TASK TO COMPLETE
Taking the line with "Dyed Emerald 925" as the first and the line with "Ανδρικό T-Shirt Adidas" as the last, set down the lines below exactly, pictures excluded.

INPUT DATA
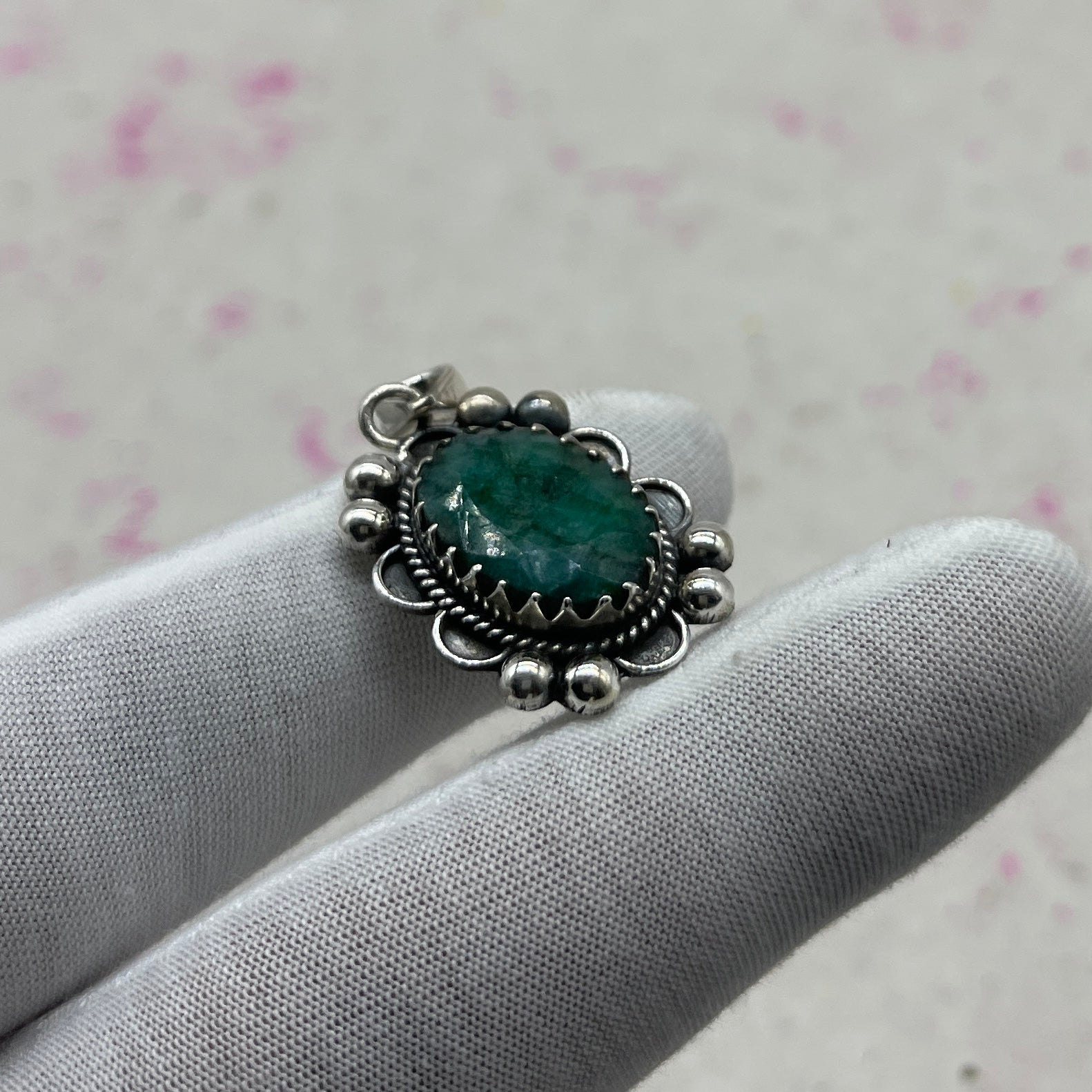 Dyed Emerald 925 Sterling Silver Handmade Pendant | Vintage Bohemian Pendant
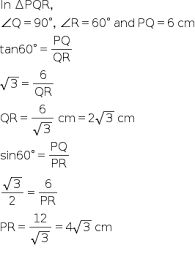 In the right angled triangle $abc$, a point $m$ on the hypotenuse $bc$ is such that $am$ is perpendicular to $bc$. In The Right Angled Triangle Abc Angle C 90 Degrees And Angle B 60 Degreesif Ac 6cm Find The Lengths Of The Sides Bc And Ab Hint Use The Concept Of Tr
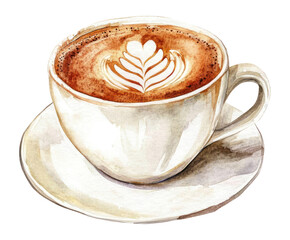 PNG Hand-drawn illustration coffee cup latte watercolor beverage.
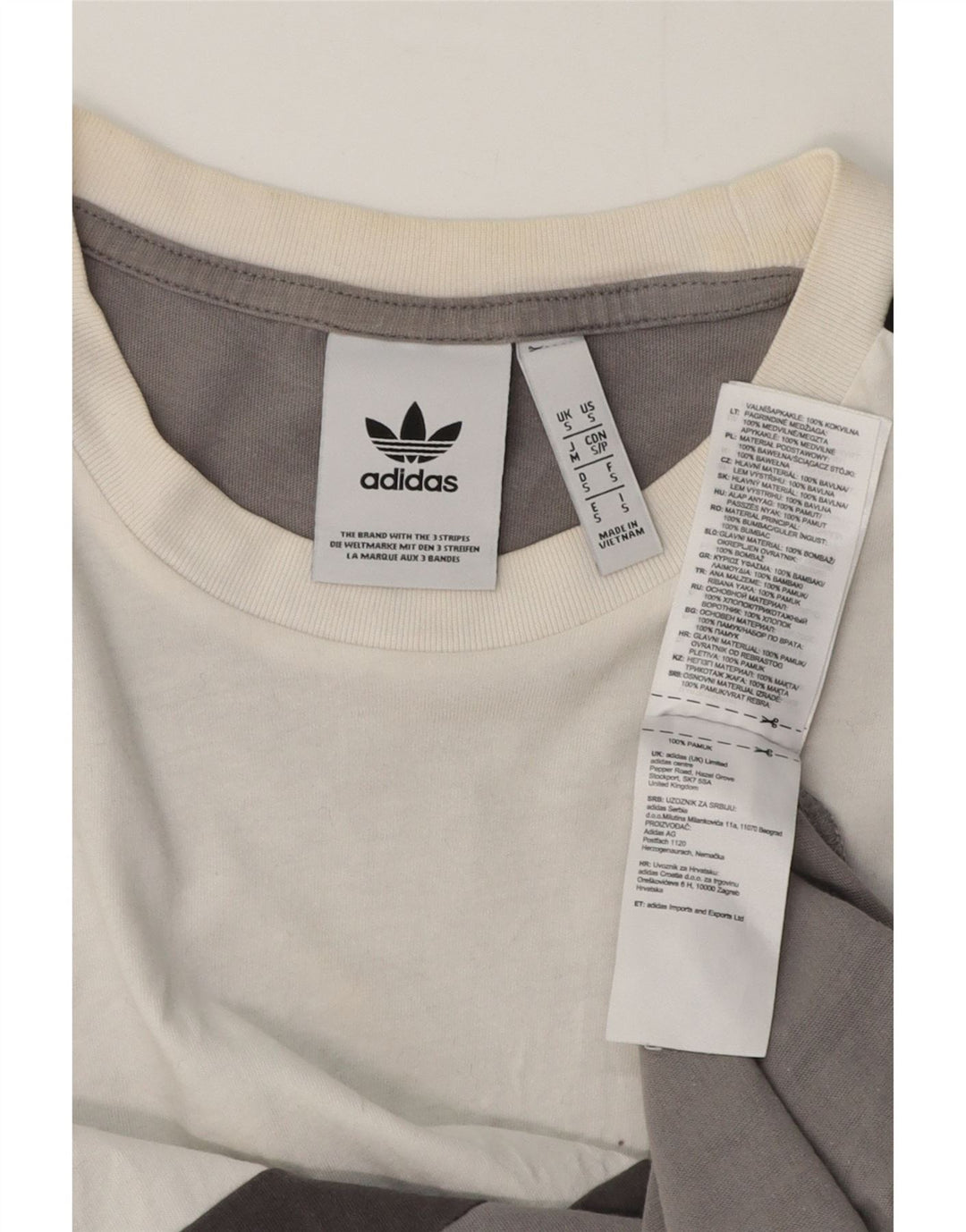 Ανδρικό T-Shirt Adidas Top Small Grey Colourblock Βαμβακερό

--

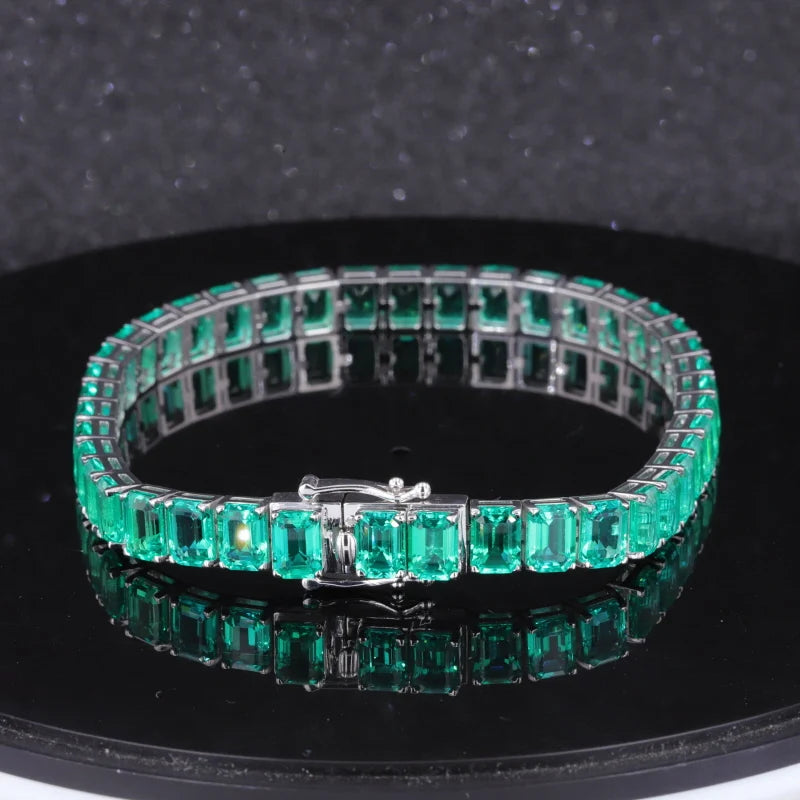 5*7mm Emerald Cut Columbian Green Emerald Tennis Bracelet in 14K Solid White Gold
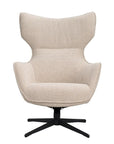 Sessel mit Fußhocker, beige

REPLY
 Dyed Emerald 925 Sterling Silver Handmade Pendant | Vintage Bohemian Pendant
 In the right angled triangle $abc$, a point $m$ on the hypotenuse $bc$ is such that $am$ is perpendicular to $bc$. In The Right Angled Triangle Abc Angle C 90 Degrees And Angle B 60 Degreesif Ac 6cm Find The Lengths Of The Sides Bc And Ab Hint Use The Concept Of Tr
 PNG Hand-drawn illustration coffee cup latte watercolor beverage.
 Ανδρικό T-Shirt Adidas Top Small Grey Colourblock Βαμβακερό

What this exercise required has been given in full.